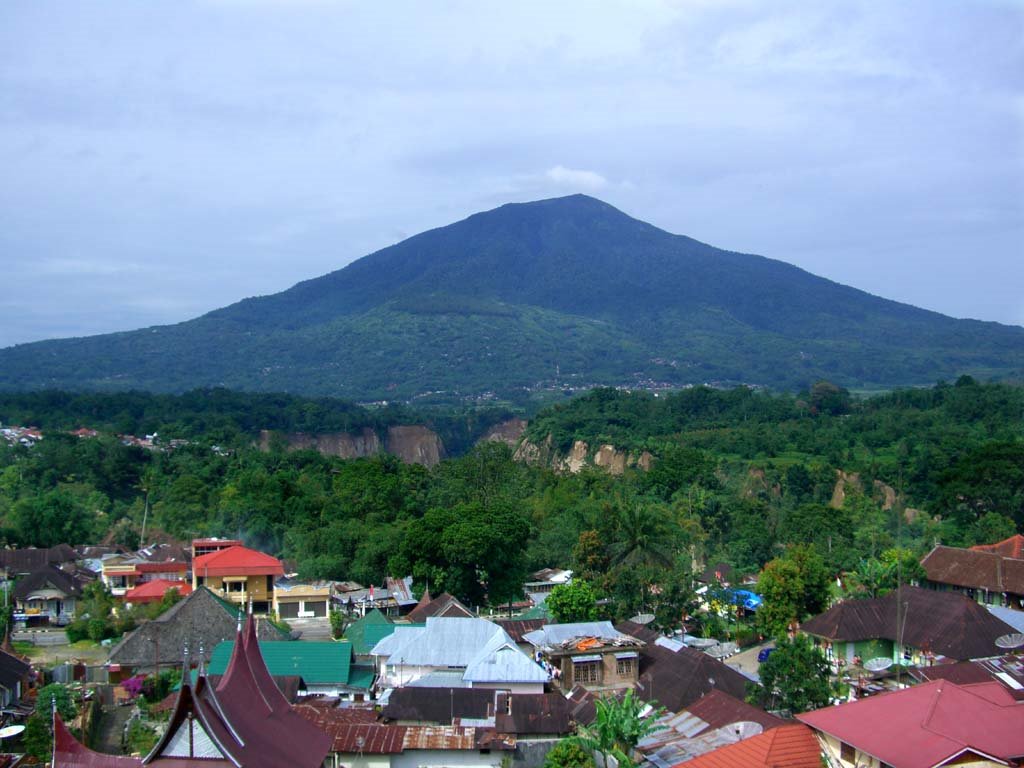 Mount Singgalang & Sianok Canyon from Room 401 Novotel, Bukittinggi by givangkara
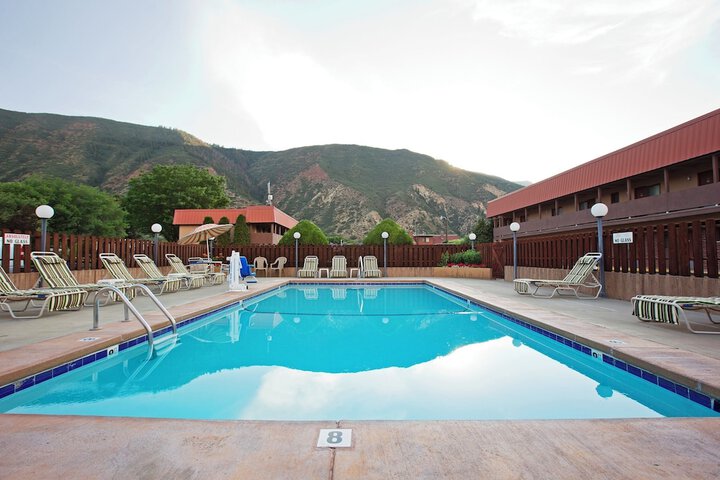 Pool 4 of 44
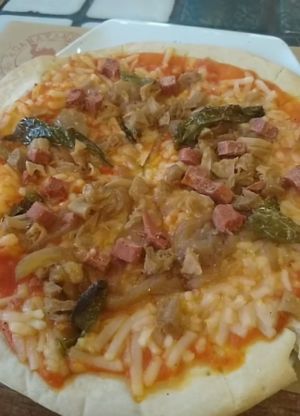 Vegan chicken pizza at Caravanserai in San Sebastian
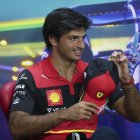 Carlos Sainz, de la escudería Ferrari, dio sus impresiones sobre la temporada antes del Gran Premio de Brasil.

> [Work instruction]
Put each line of the listing above into the copy exactly, dropping the pictures.

> [Response area]
 Mount Singgalang & Sianok Canyon from Room 401 Novotel, Bukittinggi by givangkara
 Pool 4 of 44
 Vegan chicken pizza at Caravanserai in San Sebastian
 Carlos Sainz, de la escudería Ferrari, dio sus impresiones sobre la temporada antes del Gran Premio de Brasil.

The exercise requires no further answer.